*WORK INSTRUCTION*: Leave every picture out and print exactly the lines that run from the one containing "Guiqulai 2 Pièces" to the end of the listing.

*DATA SHOWN*:

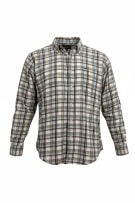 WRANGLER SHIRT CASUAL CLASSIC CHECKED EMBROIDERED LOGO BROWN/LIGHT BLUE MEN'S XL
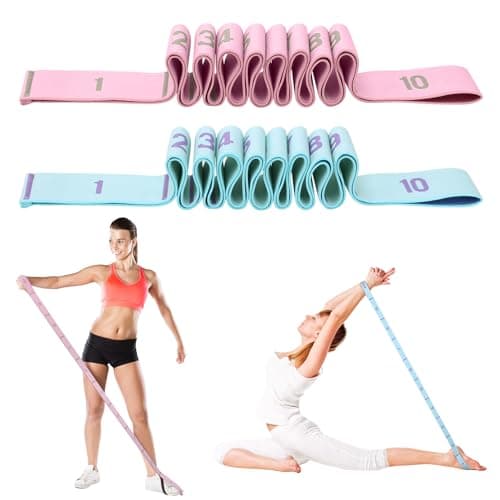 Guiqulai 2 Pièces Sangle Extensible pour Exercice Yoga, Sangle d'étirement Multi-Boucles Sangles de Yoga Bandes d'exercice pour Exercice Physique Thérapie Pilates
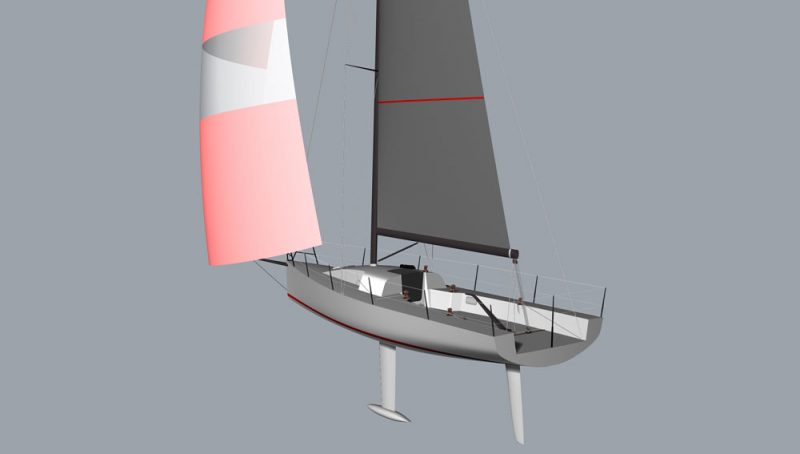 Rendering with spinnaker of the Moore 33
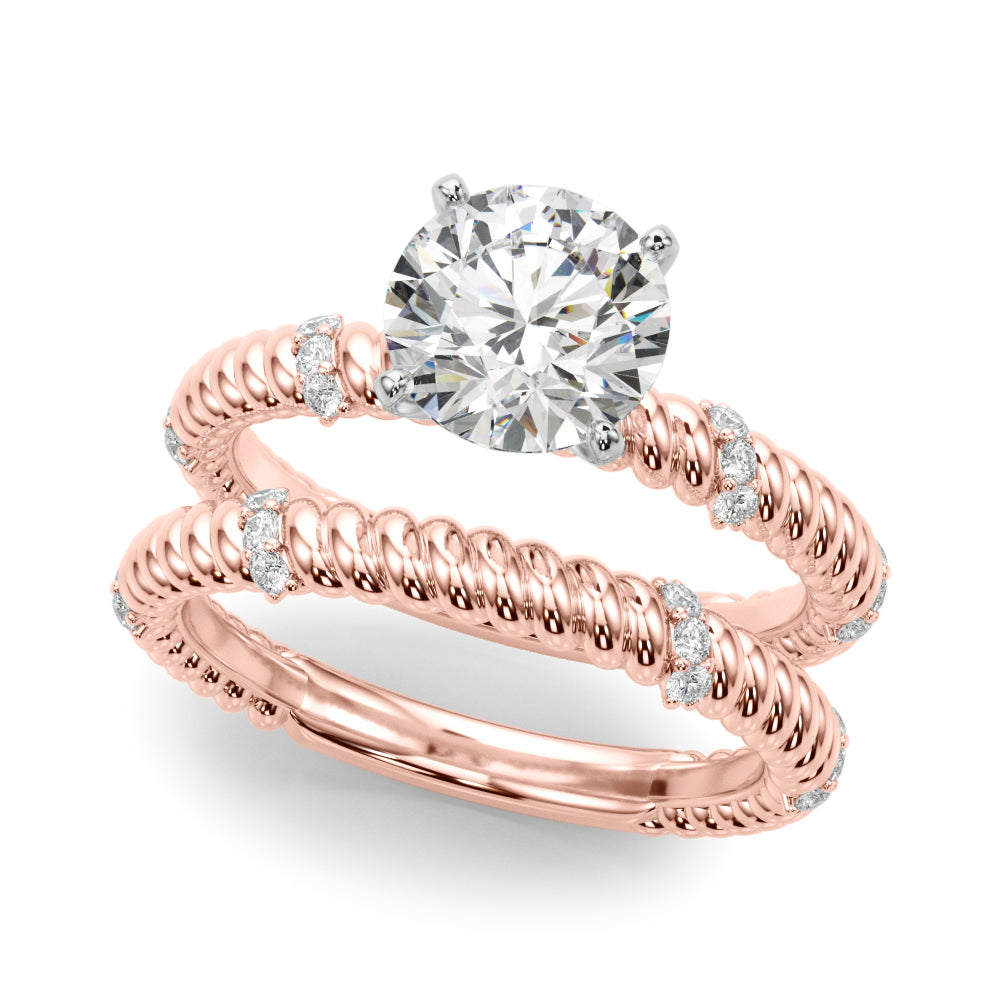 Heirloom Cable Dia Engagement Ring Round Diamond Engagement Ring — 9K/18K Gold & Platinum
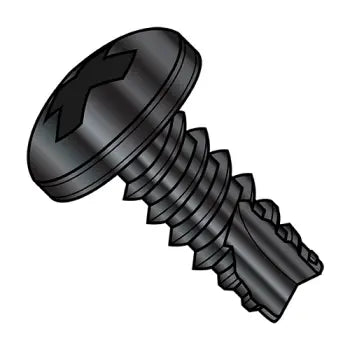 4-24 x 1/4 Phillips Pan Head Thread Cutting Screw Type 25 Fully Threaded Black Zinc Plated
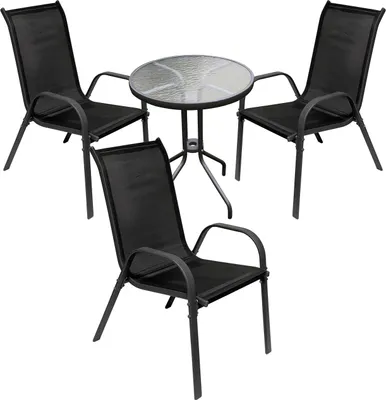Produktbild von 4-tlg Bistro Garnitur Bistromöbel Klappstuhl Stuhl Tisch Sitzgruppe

*RESULT OF THIS EXERCISE*:
 Guiqulai 2 Pièces Sangle Extensible pour Exercice Yoga, Sangle d'étirement Multi-Boucles Sangles de Yoga Bandes d'exercice pour Exercice Physique Thérapie Pilates
 Rendering with spinnaker of the Moore 33
 Heirloom Cable Dia Engagement Ring Round Diamond Engagement Ring — 9K/18K Gold & Platinum
 4-24 x 1/4 Phillips Pan Head Thread Cutting Screw Type 25 Fully Threaded Black Zinc Plated
Produktbild von 4-tlg Bistro Garnitur Bistromöbel Klappstuhl Stuhl Tisch Sitzgruppe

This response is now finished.